In reviewing mental retardation as a mitigating factor, the Court originally held in violation of the Eighth and Fourteenth Amendments the absence of instructions informing the jury that it could consider and give effect to the defendant’s mental retardation and abuse background.[62] This deprived the jury of a vehicle for expressing its “reasoned moral response” to mitigating evidence in rendering a sentencing decision.[63] It was in 2002 the Court modified this decision and held mental retardation to be a complete bar to the death sentence.[64]

2. Ineffectiveness of Counsel

Death sentenced juvenile offenders’ Constitutional rights are to have their childhood stories told to the jury. What if counsel fails in this duty? The Court’s Strickland v. Washington holding defines ineffectiveness of counsel.[65] First, the defendant must show that counsel made errors so serious that counsel was not functioning as guaranteed the defendant by the Sixth Amendment. Second, the defendant must show the deficient performance prejudiced the defense. This requires showing that counsel’s errors were so serious as to deprive the defendant of a fair trial.[66] To establish ineffectiveness, a defendant must show that counsel’s representation fell below an objective standard of reasonableness defined in terms of prevailing professional norms.[67] Strickland’s counsel claimed their limited investigation into the petitioner’s background reflected a tactical judgment not to present mitigating evidence.[68] To establish prejudice the defendant must show that there is a reasonable probability that, but for counsel’s unprofessional errors, the result of the proceeding would be different.[69] A reasonable probability is a probability sufficient to undermine confidence in the outcome.[70] The Court determined Strickland’s counsel to meet this standard of ineffectiveness.[71]

Burger v. Kemp

In Burger v. Kemp’s dissent, three years after Strickland was decided, Justices Marshall, Brennan, and Blackmun found trial counsel made no inquiries into the death row offender’s academic, medical, or psychological history and presented no mitigating evidence.[72] Traumatic factors not presented at mitigation for the defendant included a history of poverty and living in a crime-ridden neighborhood, dysfunctional family, involvement in the juvenile justice system, and depression.[73] This dissent would have held counsel ineffective under Strickland.[74] Defendant Burger’s counsel failed to investigate this mitigating evidence and failed to present any evidence at sentencing despite the petitioner being an adolescent with psychological problems and apparent diminished mental capabilities.[75] Counsel further failed to request a psychological exam, citing bias in the jurisdiction’s procedure.[76] The dissent found this decision contrary to professional norms of competent assistance for the defendant had clear indications of psychological problems and diminished mental capabilities.[77]

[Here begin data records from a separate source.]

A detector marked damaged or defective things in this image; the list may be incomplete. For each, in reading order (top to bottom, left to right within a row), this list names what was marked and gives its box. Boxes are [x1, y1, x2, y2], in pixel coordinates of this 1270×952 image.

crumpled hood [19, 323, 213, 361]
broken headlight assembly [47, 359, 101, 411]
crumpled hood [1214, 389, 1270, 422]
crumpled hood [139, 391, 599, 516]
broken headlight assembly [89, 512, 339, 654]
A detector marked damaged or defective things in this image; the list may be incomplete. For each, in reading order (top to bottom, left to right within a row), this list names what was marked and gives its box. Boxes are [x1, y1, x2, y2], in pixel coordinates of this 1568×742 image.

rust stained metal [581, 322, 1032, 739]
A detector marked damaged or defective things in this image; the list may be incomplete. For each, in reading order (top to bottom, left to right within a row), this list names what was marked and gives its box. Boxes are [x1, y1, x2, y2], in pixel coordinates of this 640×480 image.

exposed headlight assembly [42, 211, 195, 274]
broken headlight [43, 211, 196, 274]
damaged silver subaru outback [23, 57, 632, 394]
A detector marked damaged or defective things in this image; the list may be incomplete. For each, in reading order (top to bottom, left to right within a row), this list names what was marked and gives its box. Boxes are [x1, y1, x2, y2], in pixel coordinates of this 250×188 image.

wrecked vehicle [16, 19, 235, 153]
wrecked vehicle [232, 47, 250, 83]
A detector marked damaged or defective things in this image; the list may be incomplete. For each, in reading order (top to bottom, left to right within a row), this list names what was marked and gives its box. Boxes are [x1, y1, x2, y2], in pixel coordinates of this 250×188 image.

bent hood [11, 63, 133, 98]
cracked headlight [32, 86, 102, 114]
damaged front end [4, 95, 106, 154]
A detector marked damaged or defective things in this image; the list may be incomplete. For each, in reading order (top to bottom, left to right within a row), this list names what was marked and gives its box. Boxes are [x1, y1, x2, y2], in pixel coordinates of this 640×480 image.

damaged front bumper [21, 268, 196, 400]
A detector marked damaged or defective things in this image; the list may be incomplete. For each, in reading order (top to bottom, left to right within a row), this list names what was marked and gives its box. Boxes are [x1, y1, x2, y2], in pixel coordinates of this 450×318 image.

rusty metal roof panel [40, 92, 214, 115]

Defendant Burger’s trial counsel did not contact any family members, relied on the petitioner to suggest possible witnesses or mitigating evidence, and spoke to petitioner half a dozen times for no more than one hour per session.[78] Counsel never learned of the petitioner’s 12-year-old mental functioning level (IQ equal to 81), possible brain damage caused by physical abuse, and involvement with drugs and alcohol by the age of eleven.[79] Defense counsel knew something of these facts through his interviews, reviews of psychological reports supplied by the petitioner’s mother, and another attorney who knew the petitioner and had befriended him earlier in life.[80] Counsel made the decision that presenting any of this information would not have been to Burger’s benefit.[81] Justices Brennan, Blackmun, and Marshall disagree that this strategic choice made after less than adequate investigation is not supported by informed professional judgment.[82]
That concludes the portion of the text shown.